Decision trees are widely used in many fields, including but not limited to:

  • Medical Diagnosis: Used to predict disease or disease risk based on a patient’s symptoms and test results.

  • Finance: Used for credit scoring, fraud detection, and investment decisions.

  • Marketing: Used for customer segmentation, sales forecasting, and product recommendations.

  • Ecology: Used for species classification, ecosystem analysis, and environmental monitoring.

  • Industrial Manufacturing: For quality control, equipment failure detection and production optimization.

6. Advantages and disadvantages of decision trees

Advantages

  • Relatively easy to understand and explain, with good visualization.
  • Ability to handle mixed data types, including numeric and categorical features.
  • Not much data preprocessing is required.
  • Ability to handle missing data.
  • It is suitable for small to medium-sized data sets and has fast training speed.

Insufficient

  • For some complex problems, it is possible to overfit the data, resulting in poor generalization performance.
  • Sensitive to noise and outliers in the data.
  • Continuous features often cannot be handled well and require binning.

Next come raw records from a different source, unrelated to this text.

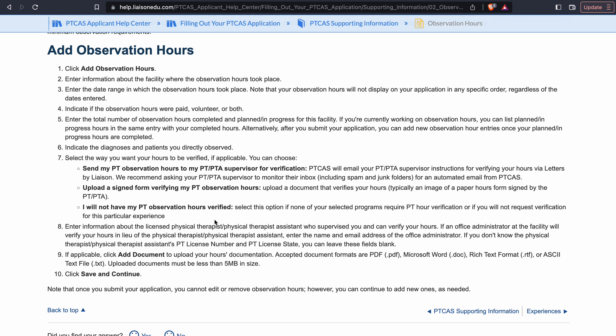Alright, good morning everybody. We have another great tip request question asking about how to update in-progress observation hours once they are completed. This is straight from the horse's mouth from PT CAS right here — it says if you're currently working on observation hours, you can list planned or in-progress hours in the same entry with your completed hours.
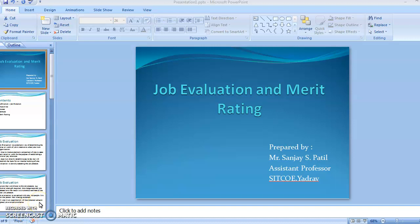Hi friends, myself Sanjay S. Patil and today we will be discussing Job Evaluation and Merit Rating.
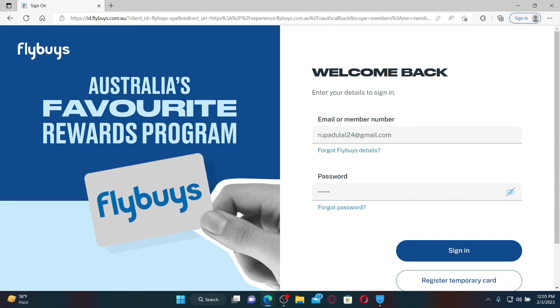Similarly, if you've forgotten your password, click the Forgot Password link in order to get help resetting to a new password. After filling in your details correctly, click the Sign In button to log into your Flybys online account.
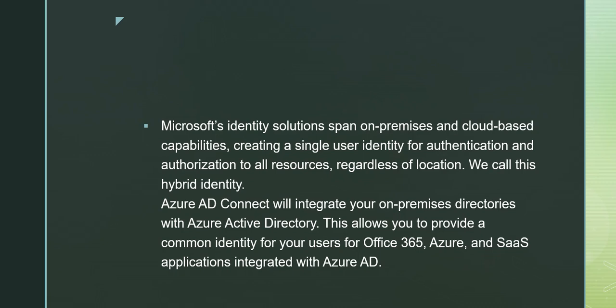Azure AD Connect will integrate your on-premises directories with Azure Active Directory. This allows you to provide a common identity for your users for Office 365, Azure, and SaaS applications integrated with Azure AD.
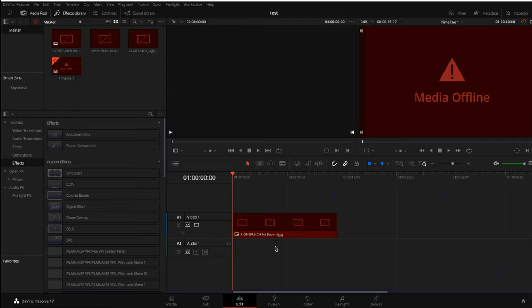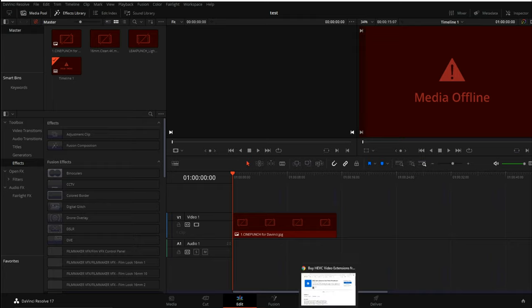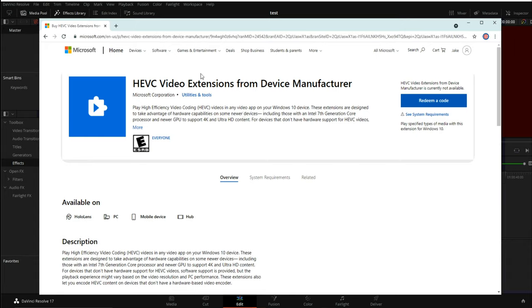If you Google 'h265 Microsoft,' the first page you're going to come across is the HEVC Video Extensions. Now you can download the free version through the device manufacturer or you can simply buy for 99 cents the HEVC video extension.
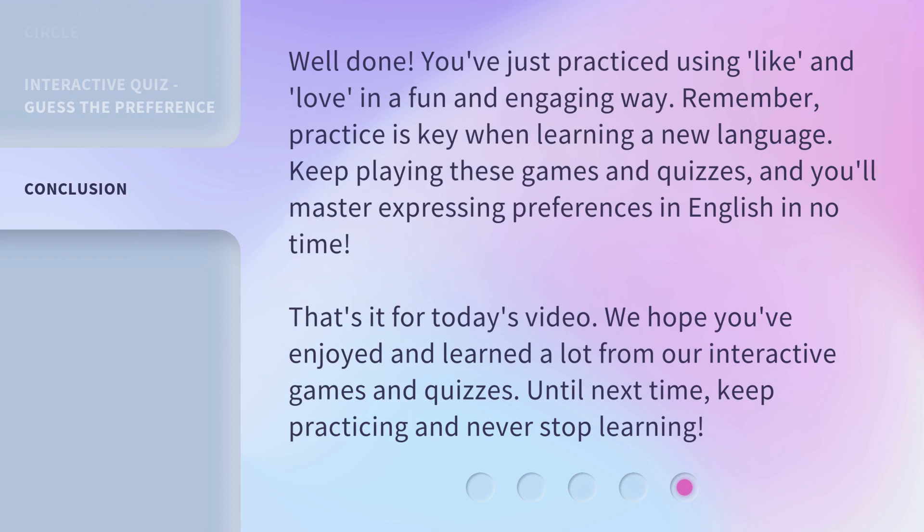Well done! You've just practiced using 'like' and 'love' in a fun and engaging way. Remember, practice is key when learning a new language. Keep playing these games and quizzes, and you'll master expressing preferences in English in no time. That's it for today's video. We hope you've enjoyed and learned a lot from our interactive games and quizzes. Until next time, keep practicing and never stop learning.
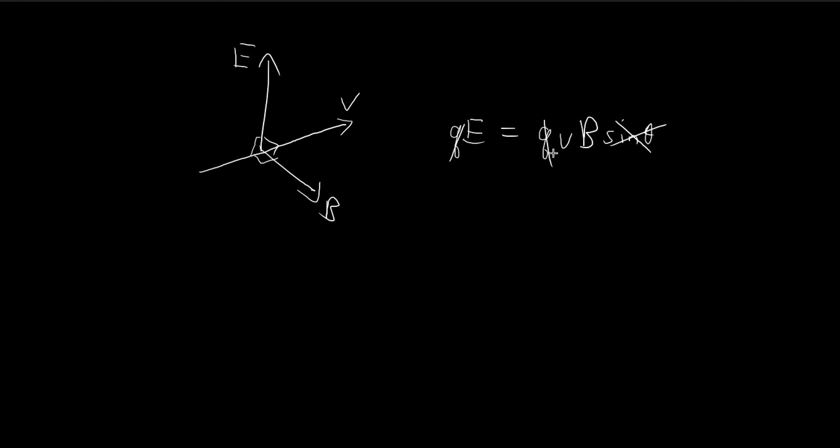The q, the charge, cancels out. So in the end, we know that the velocity is equal to E divided by B. This is the answer to part A.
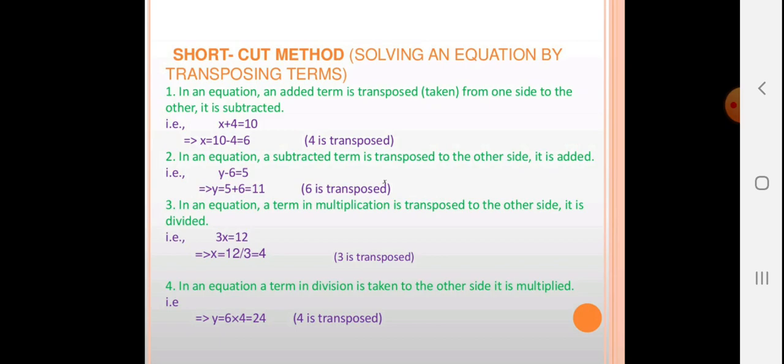Shortcut summary using the transpose method: x + 4 = 10 → x = 6; y − 6 = 5 → y = 11; 3x = 12 → x = 12 ÷ 3 = 4; y ÷ 4 = 6 → y = 6 × 4 = 24.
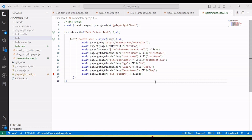Hey guys, welcome back to our YouTube channel. In this tutorial I am going to discuss and show you how we parameterize the Playwright JavaScript test. What is parameterization and why we need to parameterize? Basically, sometimes we need to run one test with multiple sets of data. This concept is also known as data-driven testing.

7. Improvements and extensions of decision trees

In order to overcome some of the shortcomings of decision trees, ensemble methods such as random forests, gradient boosting trees, and XGBoost can be used. These algorithms combine multiple decision trees to improve accuracy and robustness.

Conclusion

Decision trees are a flexible and powerful algorithm suitable for a variety of machine learning problems. By understanding the basic concepts and working principles of decision trees, and deepening our understanding through examples, we can better apply this algorithm to solve practical problems.

If you want to learn more about decision tree algorithms, you can explore related programming libraries and tools such as Scikit-Learn and XGBoost to put this powerful tool into practice. In practical applications, we can also optimize the decision tree by adjusting hyperparameters, pruning, etc., so that it can better adapt to different data sets.

I hope this blog has been helpful in understanding and applying the decision tree algorithm, if you have any questions or need further information, please feel free to ask.